Get ahold of people that go to AEP. Any weekend your planning on going down there will probley be someone down there from this website. I was just down there last weekend with 11 other guys float tubing. I'll be going back down June 9th and 10th.


----------



## leckig (May 11, 2005)

I will be going this Saturday - I have room in my car and anyone is very welcome to join. The thing is that my boss and his wife will go as well and they will nto want to do much hiking (neither will I because of my knee). So, if anyone would like to share the ride, thats great, just keep in mind the above. I will be coming the same day, evening, I do not care what time. The boss and wife will stay with us for porbably no more then 2-3 hours.

So, pm or email me if you are interested. And if you know the area, that is yet better!
Greg


----------



## rodwaver (Feb 9, 2006)

I got a new tube this spring and took it out for the first time last Monday to a private pond I know. Had a blast for the hour or so. I'm in for the floatarama. Just name the time and place.


----------



## BASSandBASEBALL (May 23, 2006)

aep would be sweet. always wanted to go there but just never made the time. i am in the process of getting a permit. i've got so many holes in my area i don't get away from my home area,south of columbus,often. deer creek is behind my house and got several places within 30 minutes that are usually productive but no real hawgs. deer creek for me is always good for small mouth/whites/saugeyes. usually snag no less than 10 or so in about 3-4 hours of time. that is the creek not the lake. i want to hit aep for bigger bass. would be nice to catch some 4 pounders for a change.


----------



## FishJunky (May 20, 2004)

Theres nothing like AEP....  :B


----------



## PoleSnatcher (Apr 6, 2004)

I got a tube and have only used it once


----------



## Steelwolve (Apr 18, 2006)

I also spent 80 bucks on a tube and the 1st time I used it I got bit by a snaping turtle (thankfully a small one) on my foot and havent used it since. Now im too chicken **** to try it again ive caught some big snappers and dont wanna lose my foot. Good luck to you guys and wear flippers or something to cover your feet.


----------



## peple of the perch (Sep 13, 2004)

Steelwolve said:


> I also spent 80 bucks on a tube and the 1st time I used it I got bit by a snaping turtle (thankfully a small one) on my foot and havent used it since. Now im too chicken **** to try it again ive caught some big snappers and dont wanna lose my foot. Good luck to you guys and wear flippers or something to cover your feet.

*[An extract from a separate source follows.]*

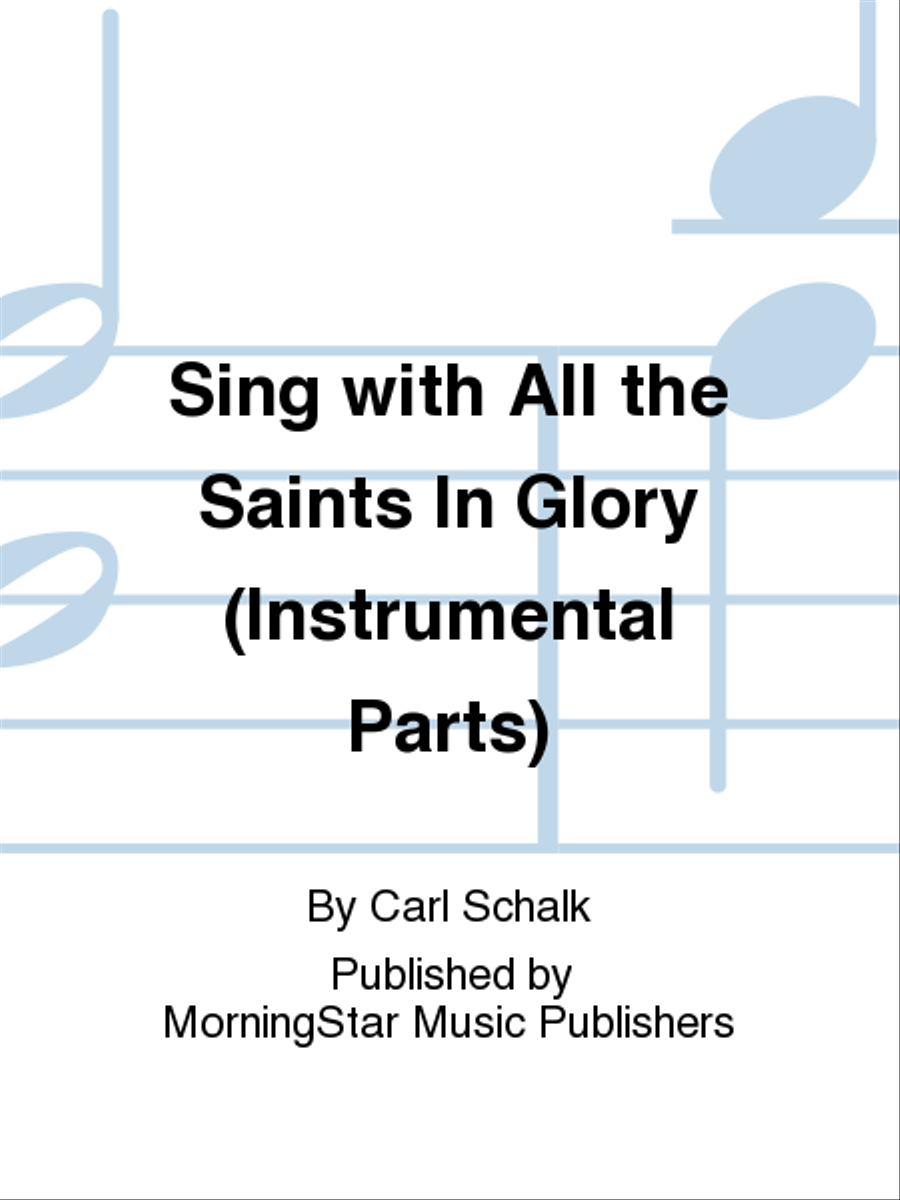 Sing with All the Saints In Glory (Instrumental Parts) Choir scores gallery preview page 1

i was just about to ask if anyone got attacked while tubing


----------



## BASSandBASEBALL (May 23, 2006)

LOL SteelWolve.............It's like anything else in life i guess. There's always a risk. I see water snakes and turtles all the time and I just don't think about it. I have waded creeks since I was a kid and been float tubing for years and have never been "attacked" by anything yet. I usually wear my flippers over a pair of old workboots so hopefully it won't hurt too bad if it does happen.


----------



## leckig (May 11, 2005)

well, I just tested by U-Boat at AEP today!

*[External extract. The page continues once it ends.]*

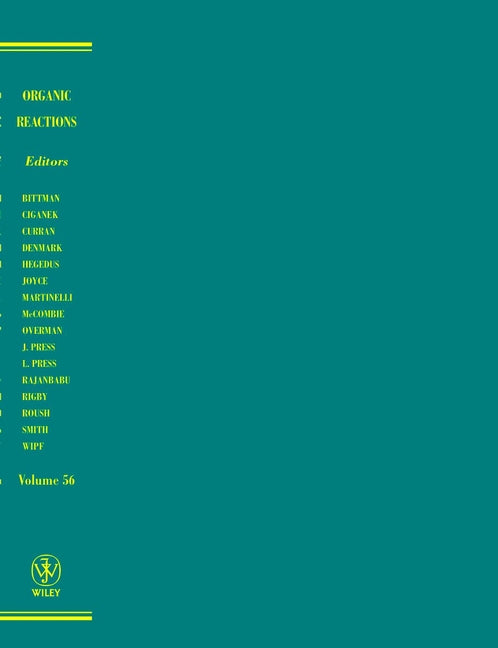 Organic Reactions, Volume 56 (Hardback) 9780471395683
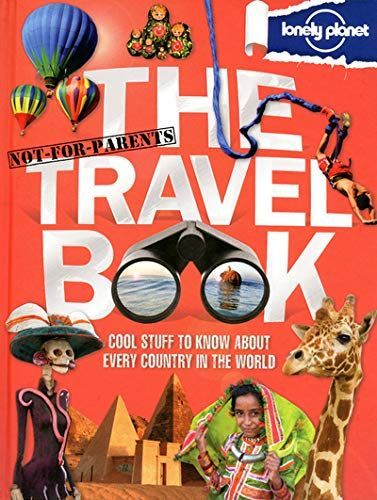 The Not for Parents Travel Book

it is sooo much fun to use it! The water is now just the right temperature down there. The place was however packed today with tents and with my knee still not healed completely, I could not hike at all, so I only got some bluegills. Also, I was using the tube for 20 minutes only, did not want to force the knee too much.

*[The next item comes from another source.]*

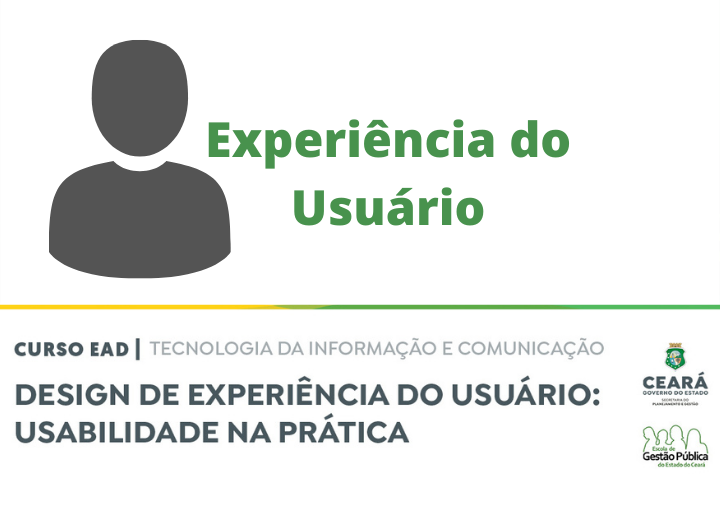 Novo curso oferecido pela EGPCE “Design de Experiência do Usuário: Usabilidade na Prática” está com inscrições abertas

I saw some very nice bass i recon guarding their nests. Nice view! Oh, that is true - it is pretty dangerous - on the way to AEP I was almost hit by a deer on I-70. I was driving 65 and this damn thing jumped over my trunk (friend following me saw it well). It was very very scary....

Greg


----------



## peple of the perch (Sep 13, 2004)

i dont even know how u could touch those weeds. just the feel of them while standing in shallow water freek me out


----------



## leckig (May 11, 2005)

come on! just weeds... plus I did have some real trouble controling the tube with one leg


----------



## peple of the perch (Sep 13, 2004)

i freek out when i am wading and i have a nasty slimy weed brush my leg.


----------



## FishJunky (May 20, 2004)

When I was down at Aep the 19th thru the 21st, me and a couple of friends were out in a lake. When all of a sudden SMACK! SMACK! A huge beaver about 50 yards away protecting his territory. Not even 15secs later and probley 10yards behind us SMACK! SMACK! Scared us #@%^less. We grouped up the tubes after that and stayed a little closer after that. I've seen plenty of beavers down there but this one was the biggest beaver I've ever seen. Like my friend said it looked like a Lab. swimming through the water. It was huge. It patroled us for awhile. Those things make snapping turtles look like bunny wabbits.


----------



## streamstalker (Jul 8, 2005)

I have to admit that the thought of a snapping turtle taking a nibble out of my leg does cross my mind from time to time. I've had them take chunks out of a stringer full of crappie before, but it seems like it would just take some serious bad luck to get bit, so I put it out of my mind.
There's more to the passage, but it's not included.